N-Trifluoropropylation of Azoles through N-Vinylation and Sequential Hydrogenation
Authors: Shu-Jie Chen, Jia-Hui Li, Zhi-Qing He, Guo-Shu Chen, Yin-Yin Zhuang, Chang-Ping Chen, Yun-Lin Liu
Installing a fluoroalkyl group onto the nitrogen atom of azoles represents a potential strategy for lead optimization in medicinal chemistry. Herein, we describe a method for the N-trifluoropropylation of azoles. This process is accomplished using a combination of regioselective N-vinylation and sequential hydrogenation. The two-step sequence is applicable to a diverse set of azoles and tolerates a wide range of functionalities. In addition, we showcase its practicability and utility through the gram-scale synthesis and the late-stage modification of a complex molecule.
Overview
From S.-J. Chem, Y.-L. Liu et al. Similar to the other paper this one shows how to introduce CH(CF3)CH3 onto an azole NH position. This is another small group that may resist metabolism. The list of azoles includes tetrazoles, pyrazoles, imidazoles and others. With some but not all there is an issue of regioselectivity.

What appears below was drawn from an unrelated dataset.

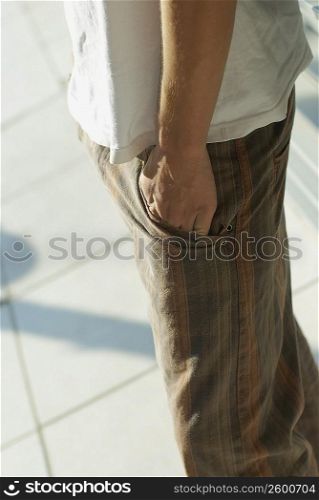 Mid section view of a person standing with his hands in his pockets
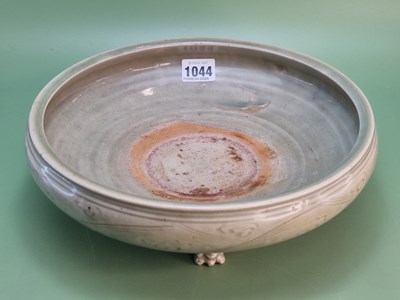 Lot 1044 - A shallow Chinese celadon bowl incised with a...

Development of β,β-Dibrominated Secondary Enamides and Their Application to the Synthesis of 5-Br Oxazoles
Authors: Shu-Jie Chen, Jia-Hui Li, Zhi-Qing He, Guo-Shu Chen, Yin-Yin Zhuang, Chang-Ping Chen, Yun-Lin Liu
Herein, we report a base promoted dibromination of enamides using CBr4 as a bromine source to provide expedient access to β,β-dibrominated secondary enamides. Preliminary synthetic application study shows that these novel products can be readily transformed to 5-Br oxazoles via Cu(I) catalyzed intramolecular cyclization in good yields.
Overview
From C. Wang, F. Li et al. From enamides to 5-bromo-oxazoles. This could prove useful.
KHMDS/Triglyme Cryptate as an Alternative to Phosphazene Base in Stereodivergent Pentafluoroethylation of N-Sulfinylimines Using HFC-125
Authors: Yuji Sumii, Hiroto Iwasaki, Yamato Fujihira, Elsayed M. Mahmoud, Hiroaki Adachi, Takumi Kagawa, Dominique Cahard, Norio Shibata
Abstract
A protocol for the stereodivergent pentafluoroethylation of N-sulfinylimines using HFC-125 with KHMDS/triglyme has been developed. Both diastereomers of the pentafluoroethylated amines can be selectively synthesized based on the presence or absence of triglyme. This additive-controlled protocol allows the KHMDS/triglyme cryptate to be a straightforward and cheap alternative to previously reported base-controlled stereodivergent trifluoromethylation using potassium hexamethyldisilazide (KHMDS) versus P4–tBu.
Overview
From Y. Sumii, N. Shibata et al. A strong base system deprotonates HCF2CF3 and it adds into the chiral sulfimmine to make in the end chiral CF3CF2-CHRNH2, another useful F-containing small building block.